**Data section**.
##############################

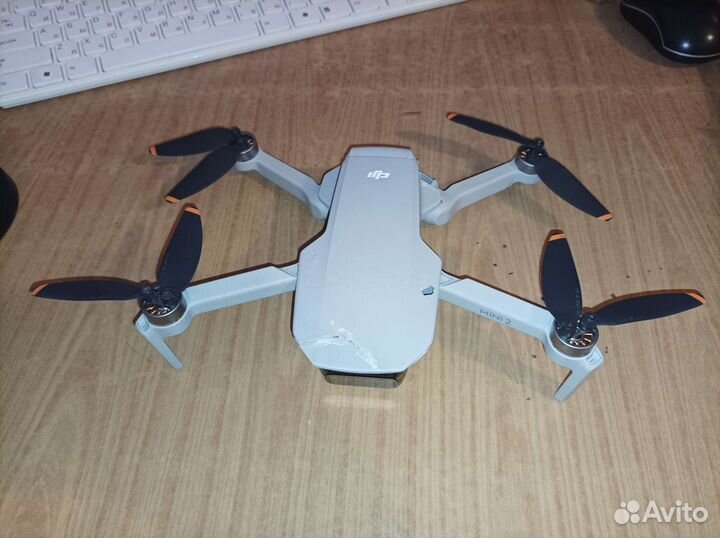 Dji mavic mini 2 fly more combo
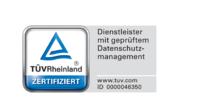 Newsletter2Go erhält TÜV-Zertifizierung für geprüftes Datenschutz-Management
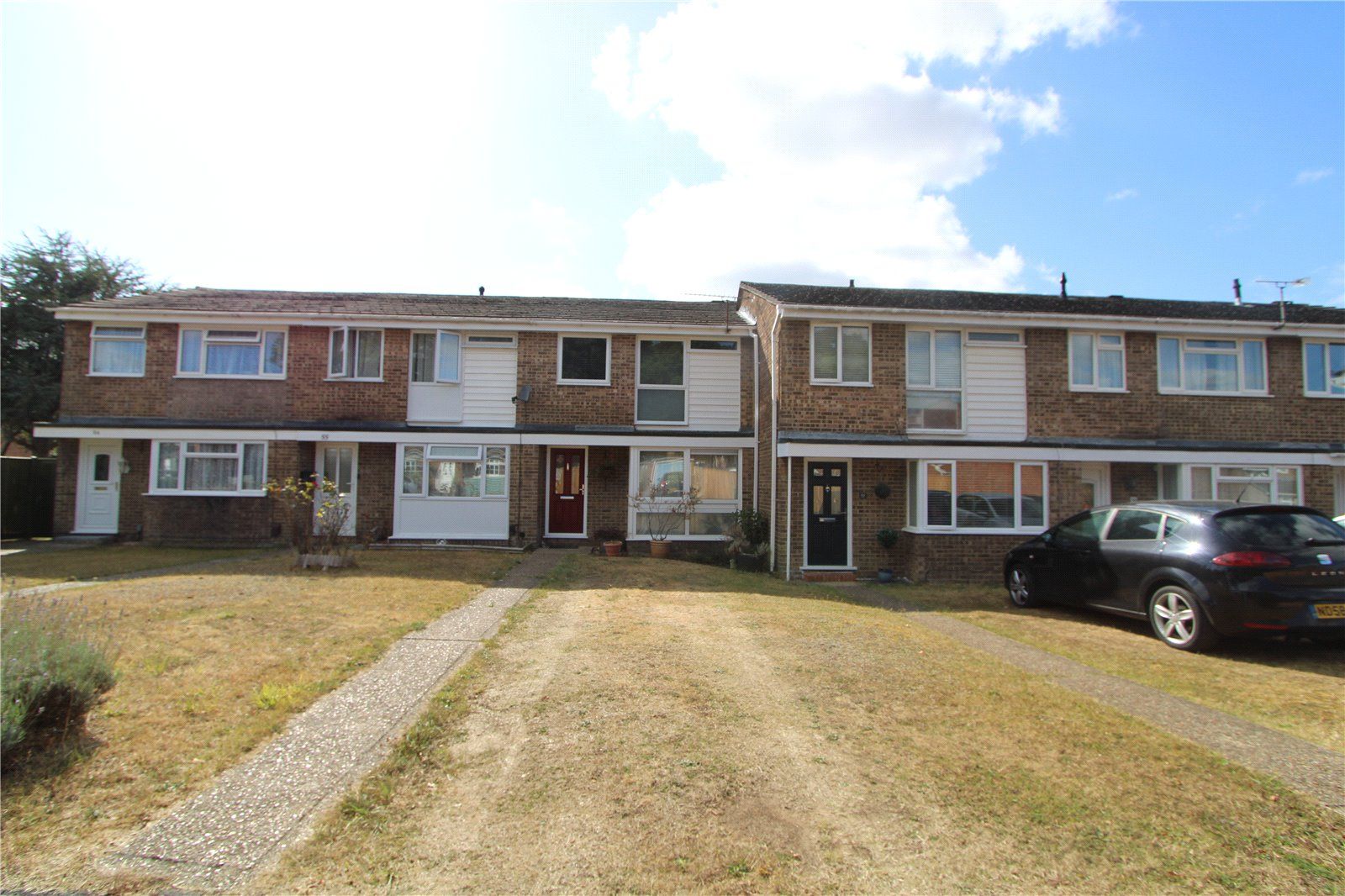 3 bed terraced house for sale in Robinia Green, Southampton, Hampshire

##############################

Apart from the pictures, all of the data must be duplicated exactly as shown above.

 Dji mavic mini 2 fly more combo
 Newsletter2Go erhält TÜV-Zertifizierung für geprüftes Datenschutz-Management
 3 bed terraced house for sale in Robinia Green, Southampton, Hampshire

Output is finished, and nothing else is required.